Mr. Zhang Junjie, CTO of Rayneo, also chose monochrome. He believes display-free camera glasses are "sharing-oriented" products, while display glasses are "AI-related creation and sharing-oriented" products. Both have the opportUnity to quickly surpass a million units, but "the AI opportunity is greater." From a technical perspective, the threshold for displays is being broken, and their value far exceeds the cost burden. He further differentiated the sub-scenarios for display glasses: business-oriented ones might not have cameras, while tech enthusiasts might accept versions with cameras.

Gao Kang issued a warning from the supply chain perspective: the cost of glasses with cameras has been "rising continuously" from this year to next. Camera modules face dual challenges in supply and pricing, which will exert realistic pressure on the pricing strategies for million-level shipments.

In fact, the division of labor for cameras in AI glasses represents differentiation between technological pathways: shooting/livestreaming dedicated cameras (e.g., Ray-Ban Meta 12MP, Rokid 12MP) only work when activated; CV spatial perception cameras (e.g., 4 on Meta Aria Gen 2) are always on, responsible for SLAM, gesture recognition, and real-time mapping; eye-tracking cameras (e.g., 2 on Meta Aria prototype) actively perceive to assist interaction and optimize power consumption; low-power wake-up cameras achieve 24/7 environmental detection and keyword wake-up at about 1mW power consumption. This "multi-camera division of labor" architecture is the hardware foundation supporting million-level shipments.

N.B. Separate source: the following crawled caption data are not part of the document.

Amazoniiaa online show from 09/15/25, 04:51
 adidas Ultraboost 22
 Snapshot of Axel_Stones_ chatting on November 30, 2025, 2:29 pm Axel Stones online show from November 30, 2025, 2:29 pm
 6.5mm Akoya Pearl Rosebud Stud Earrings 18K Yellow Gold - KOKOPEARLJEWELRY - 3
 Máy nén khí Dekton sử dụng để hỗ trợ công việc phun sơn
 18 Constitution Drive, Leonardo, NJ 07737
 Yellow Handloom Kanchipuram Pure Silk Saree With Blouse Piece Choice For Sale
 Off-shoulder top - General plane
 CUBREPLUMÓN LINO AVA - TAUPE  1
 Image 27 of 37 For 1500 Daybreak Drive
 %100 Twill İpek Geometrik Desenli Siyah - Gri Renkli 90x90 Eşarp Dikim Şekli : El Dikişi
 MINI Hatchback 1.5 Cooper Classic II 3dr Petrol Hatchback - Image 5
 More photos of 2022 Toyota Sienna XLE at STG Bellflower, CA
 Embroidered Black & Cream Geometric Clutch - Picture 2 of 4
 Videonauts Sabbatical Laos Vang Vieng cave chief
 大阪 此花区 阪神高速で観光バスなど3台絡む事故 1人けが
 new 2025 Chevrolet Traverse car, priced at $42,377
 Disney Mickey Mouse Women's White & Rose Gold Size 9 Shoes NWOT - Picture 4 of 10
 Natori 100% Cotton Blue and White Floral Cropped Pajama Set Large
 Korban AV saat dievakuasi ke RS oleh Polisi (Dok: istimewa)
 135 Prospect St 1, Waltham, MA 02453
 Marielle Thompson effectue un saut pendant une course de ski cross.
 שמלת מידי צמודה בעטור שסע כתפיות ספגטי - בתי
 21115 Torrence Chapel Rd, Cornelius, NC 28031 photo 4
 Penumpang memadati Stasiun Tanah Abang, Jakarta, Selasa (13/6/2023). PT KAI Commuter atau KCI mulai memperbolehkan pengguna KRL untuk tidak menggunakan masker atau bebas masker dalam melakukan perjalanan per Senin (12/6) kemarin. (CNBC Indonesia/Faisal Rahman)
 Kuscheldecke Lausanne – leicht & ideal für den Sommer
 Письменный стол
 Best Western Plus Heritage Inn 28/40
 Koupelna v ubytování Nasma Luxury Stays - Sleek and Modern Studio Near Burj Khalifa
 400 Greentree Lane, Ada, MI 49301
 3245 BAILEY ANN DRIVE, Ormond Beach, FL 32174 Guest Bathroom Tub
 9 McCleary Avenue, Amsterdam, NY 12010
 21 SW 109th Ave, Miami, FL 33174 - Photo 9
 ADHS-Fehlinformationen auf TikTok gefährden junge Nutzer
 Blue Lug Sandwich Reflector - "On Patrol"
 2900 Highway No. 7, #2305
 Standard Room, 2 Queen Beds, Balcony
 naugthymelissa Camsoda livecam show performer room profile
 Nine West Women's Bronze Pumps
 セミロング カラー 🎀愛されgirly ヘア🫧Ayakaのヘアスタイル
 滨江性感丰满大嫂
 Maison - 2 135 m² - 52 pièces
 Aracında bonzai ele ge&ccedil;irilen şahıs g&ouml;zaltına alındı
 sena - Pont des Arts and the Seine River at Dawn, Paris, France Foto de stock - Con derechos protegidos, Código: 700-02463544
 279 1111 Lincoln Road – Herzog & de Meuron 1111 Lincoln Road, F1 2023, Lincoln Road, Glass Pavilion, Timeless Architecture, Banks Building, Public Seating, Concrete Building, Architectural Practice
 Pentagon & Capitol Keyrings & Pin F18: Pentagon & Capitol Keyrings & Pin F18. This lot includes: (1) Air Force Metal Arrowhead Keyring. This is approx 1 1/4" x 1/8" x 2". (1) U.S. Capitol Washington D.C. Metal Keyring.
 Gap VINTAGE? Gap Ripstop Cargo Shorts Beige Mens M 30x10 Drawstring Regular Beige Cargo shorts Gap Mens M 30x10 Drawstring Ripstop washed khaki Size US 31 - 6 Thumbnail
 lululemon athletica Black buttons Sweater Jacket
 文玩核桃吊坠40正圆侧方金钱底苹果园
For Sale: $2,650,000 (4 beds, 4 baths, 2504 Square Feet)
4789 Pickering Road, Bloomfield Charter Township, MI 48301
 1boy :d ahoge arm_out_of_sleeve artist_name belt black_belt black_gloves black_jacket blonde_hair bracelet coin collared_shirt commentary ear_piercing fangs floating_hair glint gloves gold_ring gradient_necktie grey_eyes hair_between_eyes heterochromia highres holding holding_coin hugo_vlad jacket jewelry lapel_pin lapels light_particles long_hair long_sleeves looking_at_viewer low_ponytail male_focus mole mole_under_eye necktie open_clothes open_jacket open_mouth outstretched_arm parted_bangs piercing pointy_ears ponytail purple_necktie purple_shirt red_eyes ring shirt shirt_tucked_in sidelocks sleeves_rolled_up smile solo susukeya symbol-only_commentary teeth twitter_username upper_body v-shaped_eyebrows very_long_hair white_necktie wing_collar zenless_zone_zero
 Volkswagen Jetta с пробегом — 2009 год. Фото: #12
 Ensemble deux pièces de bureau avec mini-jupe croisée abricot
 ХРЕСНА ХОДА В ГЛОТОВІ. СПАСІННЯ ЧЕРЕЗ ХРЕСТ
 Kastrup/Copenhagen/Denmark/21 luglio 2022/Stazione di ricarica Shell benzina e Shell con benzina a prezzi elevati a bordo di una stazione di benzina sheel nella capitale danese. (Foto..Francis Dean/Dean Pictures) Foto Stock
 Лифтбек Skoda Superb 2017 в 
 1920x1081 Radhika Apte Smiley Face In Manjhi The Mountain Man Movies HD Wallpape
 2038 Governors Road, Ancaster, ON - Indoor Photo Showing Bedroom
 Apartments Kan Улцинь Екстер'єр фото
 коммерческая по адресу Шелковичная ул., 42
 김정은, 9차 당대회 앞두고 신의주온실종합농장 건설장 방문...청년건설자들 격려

Balancing Always-On Perception and User Privacy
The tension between the always-on perception capabilities of AI glasses and user privacy is an ethical and technical threshold that industrialization must cross. Ma Chao proposed a systematic tiered perception solution. He believes future camera data should be divided into two categories: one for edge-side model perception, which cannot be accessed by user apps; and another for taking photos and videos, which cannot be cracked, must be accompanied by a lit indicator light, and is not allowed to have any backdoors to turn it off.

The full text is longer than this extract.